2025July/August

Environment, Social & Governance

While most of the CCS deployment from currently known projects are being driven by decarbonizing the hydrocarbon production sectors, such as natural gas processing, manufacturing sectors are expected to adopt CCS over time, particularly in industries like cement, steel and chemicals. Those sectors are forecast to account for 41% of all captured CO2 emissions in 2050.

DNV: Global CCS capacity to quadruple by 2030

Cumulative investment in carbon capture and storage (CCS) is expected to reach $80 billion over the next five years, according to a new DNV report. Moreover, capture and storage capacity is expected to quadruple by 2030.

The immediate rise in capacity is being driven by short-term scale-up in North America and Europe, with natural gas processing still the main application for the technology. From 2030 onwards, hard-to-decarbonize industries such as steel and cement are forecast to be the main drivers of CCS growth, accounting for 41% of annual CO2 captured by mid-century. Maritime onboard capture is expected to scale from the 2040s in parts of the global shipping fleet.

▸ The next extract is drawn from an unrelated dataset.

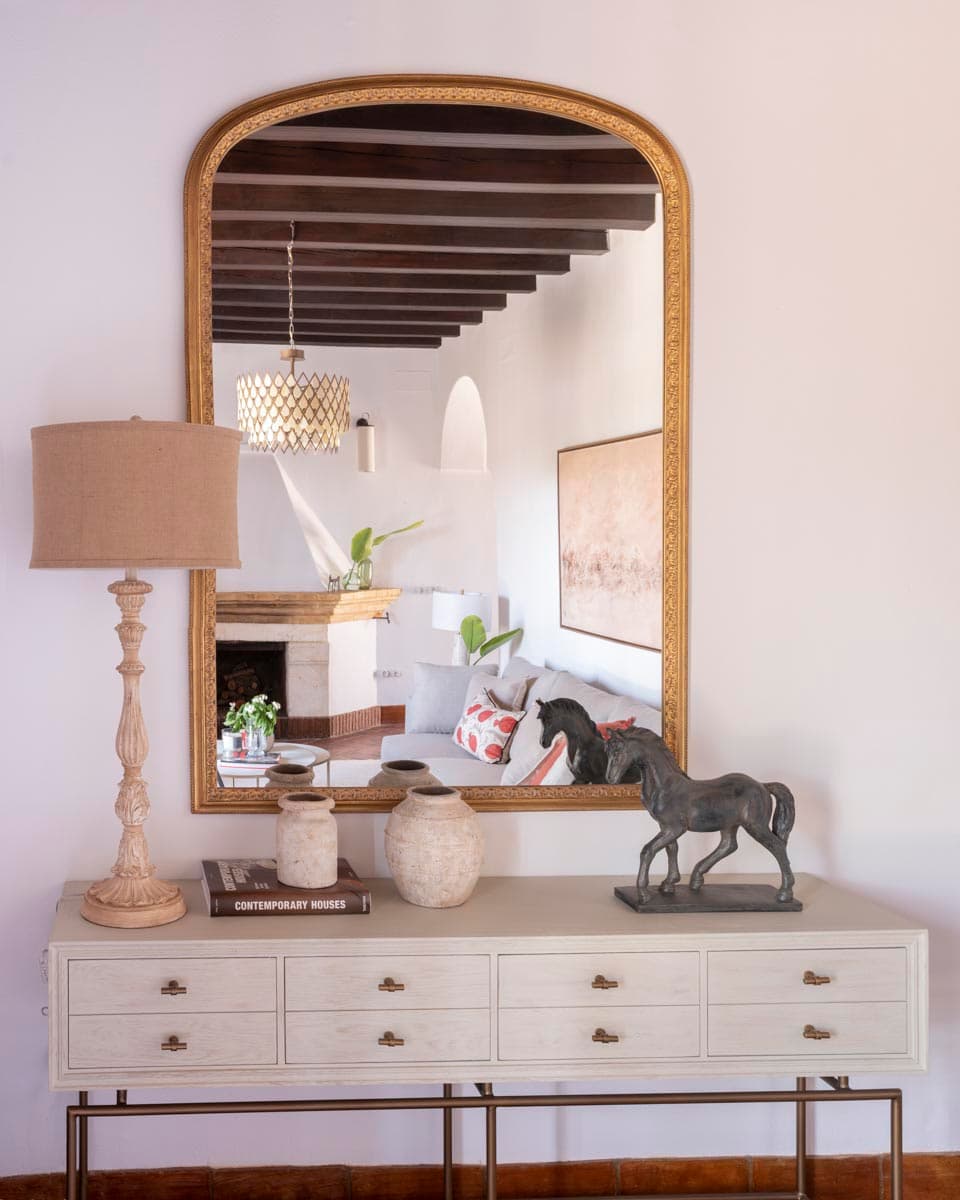 Detalle del aparador blanco de cajones con espejo de arco en marco dorado y escultura de caballo en bronce. Lámpara de sobremesa de madera tallada, jarrones de cerámica rústica y libro de arte sobre la superficie. Vigas y chimenea al fondo reflejadas en el espejo.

As the technologies mature and scale, the average costs will drop by an average of 40% by 2050. However, the roll-out of CCS is still reliant on policy support, and recent political turmoil and shifting budgetary priorities pose a risk to future deployment.

DNV forecasts that carbon dioxide removal will capture 330 MtCO2 in 2050 – one-quarter of total captured emissions. Bioenergy with CCS is cheaper and will be used primarily in renewable biomass for power and manufacturing. Direct air capture costs, on the other hand, will remain high at around $350/tCO2 through 2050, but voluntary and compliance carbon markets will still ensure the capture of 32 MtCO2 in 2040 and 84 MtCO2 in 2050.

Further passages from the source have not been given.